How WeWork is trading in its public debut
WeWork shares made their public debut on Thursday, marking a milestone for the shared workspace company after a failed initial public offering two years ago.
WeWork’s stock began trading on the New York Stock Exchange under the ticker “WE” Thursday morning at $11.28 per share. The listing came following a merger with the special purpose acquisition company BowX Acquisition Corporation. Shares of BowX had closed at $10.38 apiece on Wednesday, giving the post-merger stock an opening-trade pop of about 8.7%. Shares extended gains into the afternoon session.
The deal provided WeWork with gross cash proceeds of approximately $1.3 billion, and valued the company at around $9 billion. This marked a major step down from the valuation of $47 billion WeWork commanded in 2019, following an investment from SoftBank Group in the private markets.
That year also marked a stunning turn of fate for WeWork, when a litany of concerns around corporate governance and the viability of the company’s office-space leasing business model and its web of non-core ventures thwarted a plan to go public via a traditional initial public offering.
WeWork’s co-founder Adam Neumann was pushed out of his role as CEO and gave up majority voting control of the company in late 2019, amid issues around the size of his controlling stake and other controversies including a widely criticized business arrangement that had WeWork pay Neumann $5.9 million for use of the word “We” in its name.
In the time since, WeWork’s current CEO, Sandeep Mathrani, a veteran CEO of Brookfield Properties Retail, and executive Chairman Marcelo Claure have worked to usher in a turnaround for the company.
Still, WeWork has contended with a drop in business during the pandemic as customers eschewed in-person workspaces.

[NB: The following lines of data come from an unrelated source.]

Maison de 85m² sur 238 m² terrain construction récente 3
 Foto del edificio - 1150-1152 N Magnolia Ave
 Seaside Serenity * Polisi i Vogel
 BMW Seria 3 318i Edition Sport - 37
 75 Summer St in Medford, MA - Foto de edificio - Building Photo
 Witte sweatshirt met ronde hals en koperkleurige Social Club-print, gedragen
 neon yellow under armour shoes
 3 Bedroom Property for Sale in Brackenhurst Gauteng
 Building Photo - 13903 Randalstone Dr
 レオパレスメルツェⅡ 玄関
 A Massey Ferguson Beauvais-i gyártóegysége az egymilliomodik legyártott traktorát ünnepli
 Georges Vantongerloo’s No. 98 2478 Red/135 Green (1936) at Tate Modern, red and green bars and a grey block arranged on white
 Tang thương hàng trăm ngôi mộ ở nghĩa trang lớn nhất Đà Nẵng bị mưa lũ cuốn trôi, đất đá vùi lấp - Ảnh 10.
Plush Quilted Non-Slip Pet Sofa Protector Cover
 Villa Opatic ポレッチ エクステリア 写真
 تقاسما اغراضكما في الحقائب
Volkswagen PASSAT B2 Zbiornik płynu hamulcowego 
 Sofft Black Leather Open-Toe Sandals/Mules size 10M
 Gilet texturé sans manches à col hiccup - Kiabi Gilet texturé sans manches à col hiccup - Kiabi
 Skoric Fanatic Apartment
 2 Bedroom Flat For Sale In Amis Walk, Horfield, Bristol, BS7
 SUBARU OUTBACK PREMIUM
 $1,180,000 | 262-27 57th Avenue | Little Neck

It reported a net loss of $2.06 billion in the first quarter of 2021 alone. That loss narrowed to $888.85 million for the quarter ended June 30.
But under Mathrani, WeWork has aggressively pulled back on expenses by slashing its headcount and lease commitments, and exiting ancillary businesses unrelated to office leasing.
At the time of its SPAC merger announcement in late March this year, WeWork announced it had cut headcount by two-thirds compared to its peak from September 2019. And earlier this month, Mathrani said during the company’s investor day that WeWork had exited more than 150 leases at underperforming locations, and renegotiated another 350 agreements to further cut down on costs. As of early October, WeWork still operated 762 locations worldwide, encompassing 150 cities and 38 countries.
“We are the right company, at the right time,” Mathrani said during the company’s investor day.
“I joined this company with an upside down cost structure. Over the past 20 months, we have focused on streamlining our operating expenses and right-sizing our real estate portfolio,” he said. “Our value proposition has increased. Flexibility is at the core of what the future of the office is.
WeWork announced preliminary third-quarter revenue results at its investor day on Oct. 7, delivering sales of $658 million during the quarter. September sales alone were $228 million, or the highest so far in 2021. And total occupancy rates trended up to 60% in September from 52% as of the end of the second quarter.